Pulitzer Prize-winning play “Fat Ham” by James Ijames kicks off The Wilma Theater’s bold new season, including two world premieres and a reimagined classic. The Center City theater, conveniently located at Broad and Locust Streets, is on the Avenue of the Arts and is easy accessible from all directions!

Single tickets to The Wilma’s 2023-24 season productions start at $29 and are available now. You can make the most of this unforgettable season with a subscription for each of the four upcoming shows for only $108 during the week, or $124 on the weekends. The flexible four-ticket Whenever subscription – which includes four tickets to be used in any combination throughout the season – is $148. Subscription packages offer savings of up to 60% compared to single ticket purchases. Purchase your single tickets and subscriptions at wilmatheater.org or by calling the Wilma’s box office at 215-546-7824.

The Wilma Theater’s 2023-24 Season Productions:

“Fat Ham” by James Ijames

• Directed by Amina Robinson
• November 24 to December 23, 2023

The world premiere of "Fat Ham" was presented at The Wilma as a filmed production, directed by Morgan Green, during the 2020-21 Season. Ijames’s riff on Shakespeare’s Hamlet won the 2022 Pulitzer Prize and had a successful Broadway run in the Spring of 2023 that earned five Tony Award nominations, including Best Play.

In “Fat Ham,” Juicy is a queer, Southern college kid already grappling with some serious questions of identity. He’s setting up the family backyard for a party celebrating his mother Tedra’s recent marriage to his uncle Rev (Smiling) when the ghost of his father Pap shows up. Pap claims Rev had him killed and demands Juicy avenge him. But here’s the rub! Revenge doesn’t come easy to Juicy, a sensitive and self-aware young Black man searching for his own happiness and liberation. From an uproarious family cookout emerges a compelling examination of choosing pleasure over harm.

Cast: Donnie Hammond, Jessica Johnson, Anthony Martinez-Briggs, Zuhairah McGill, Brandon Pierce, Brenson Thomas, Lindsay Smiling


*World Premiere* “My Mama and The Full-Scale Invasion” by Sasha Denisova

 Translated by Misha Kachman, adapted by Kellie Mecleary
• Directed by Yury Urnov
• Co-Produced with Woolly Mammoth Theatre Company
• January 30 to February 18, 2024

Sasha’s 82-year-old mother has lived in Kyiv her whole life. When Russia invades Ukraine in 2022, Sasha copes with her fears by imagining her mother in increasingly fantastical situations: strategizing with President Zelenskyy, striking Russian drones with jars of pickles, and even debating with God.

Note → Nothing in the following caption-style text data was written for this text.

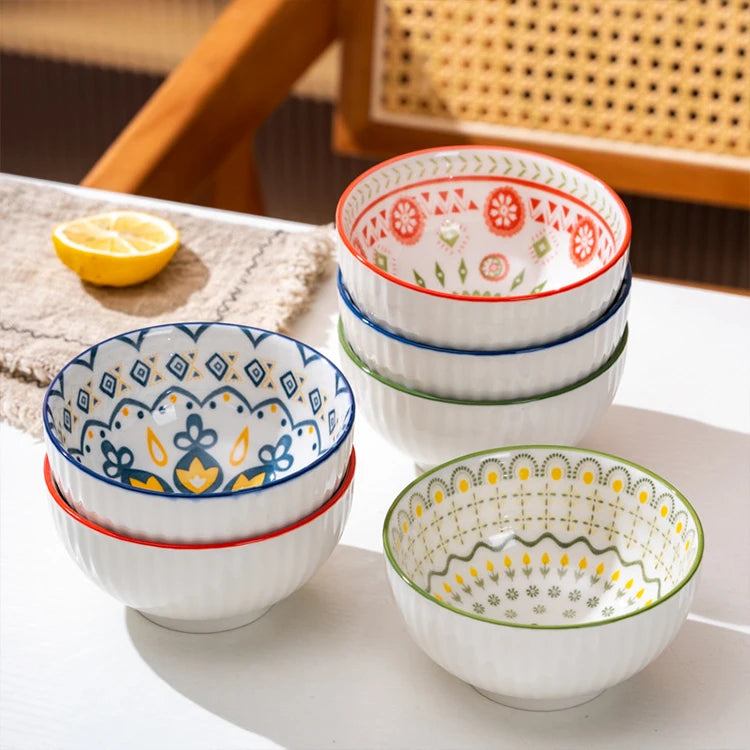 Top Seller Bohemian Ceramic Rice Bowl Home Soup Noodles Bowl Fruit Salad Bowls for Home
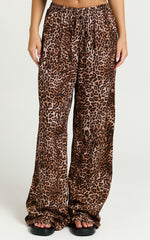 Lopez Linen Pants - Elasticated Straight Leg Pants in Tonal Leopard Print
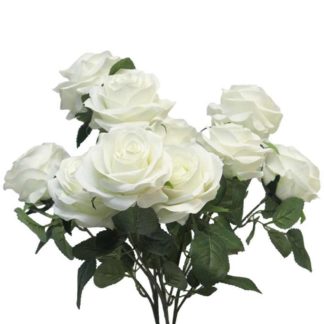 Kunstblume ROSENSTRAUSS DIJON weiß H 42 cm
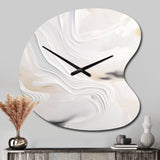 White And Gold Ripples Of Stone - Asymmetric Metal Wall Clock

Denisova was inspired by her online chats with her mother to write this darkly funny and deeply heartfelt new play, a co-production with Washington, D.C.’s Woolly Mammoth Theatre Company.

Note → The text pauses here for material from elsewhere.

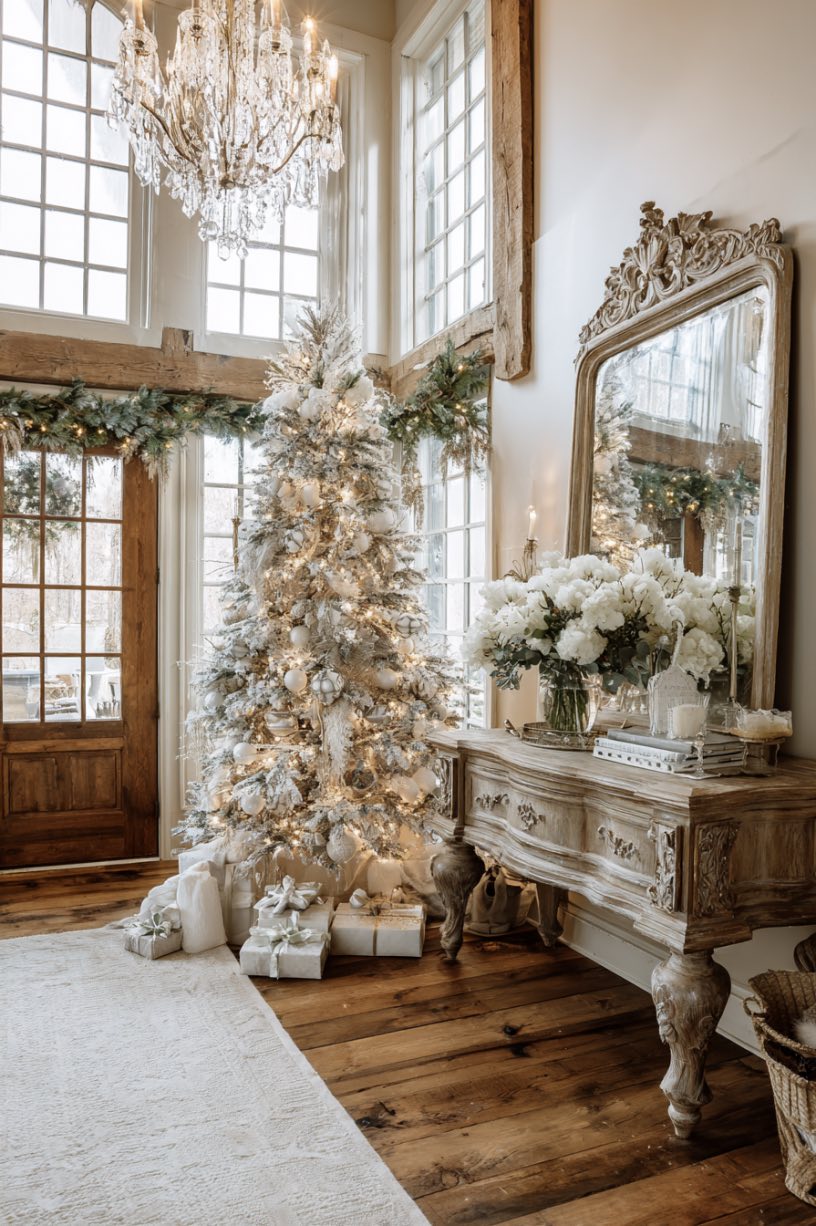 19. French Country White Christmas Tree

“The Good Person of Setzuan” by Bertolt Brecht

 Translated by Wendy Arons, adapted by Tony Kushner
• Directed by Justin Jain
• April 2 to 21, 2024

Three Gods come to the city of Szechwan looking for one good person. But the rules keep changing in the thrum and bustle of this shantytown, which more closely resembles 21st-century Philadelphia than Brecht’s imagined ancient China. This classic parable is retold and reclaimed through the vision of director Justin Jain, working with an adaptation from playwright Tony Kushner (Angels in America), original live percussive music, and members of the Wilma HotHouse Company.


*World Premiere* “Hilma”

 Words by Kate Scelsa and music by Robert M. Johanson
• Directed by Morgan Green
• Produced in partnership with New Georges     
• June 4 to 23, 2024

The early 20th-century queer mystic and artist Hilma af Klint channeled hundreds of paintings through messages from otherworldly forces, hoping to communicate the mysteries of the universe. Only recently rediscovered and hailed as one of the first-ever abstract artists, she worked in obscurity during a time that was not yet ready to receive her message. This contemporary opera – with a score that mixes genres from opera, rock, pop, and musical theater – wrestles with the hubris and humility that fueled one woman's spiritual quest. Supported in part by the Pew Center for Arts and Heritage.